Start of Block

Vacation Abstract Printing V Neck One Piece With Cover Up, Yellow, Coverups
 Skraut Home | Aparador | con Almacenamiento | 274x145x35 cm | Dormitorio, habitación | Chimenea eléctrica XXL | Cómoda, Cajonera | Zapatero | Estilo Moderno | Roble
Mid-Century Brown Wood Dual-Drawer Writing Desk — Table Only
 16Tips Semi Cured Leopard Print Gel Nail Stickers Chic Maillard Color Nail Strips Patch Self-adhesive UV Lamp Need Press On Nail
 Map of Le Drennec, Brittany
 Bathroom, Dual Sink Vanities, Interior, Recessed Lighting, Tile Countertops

End of Block

_TASK DIRECTIONS_
In which lines of the records does the word "Dual" appear? Copy each of them.

_ANSWER_
Mid-Century Brown Wood Dual-Drawer Writing Desk — Table Only
 Bathroom, Dual Sink Vanities, Interior, Recessed Lighting, Tile Countertops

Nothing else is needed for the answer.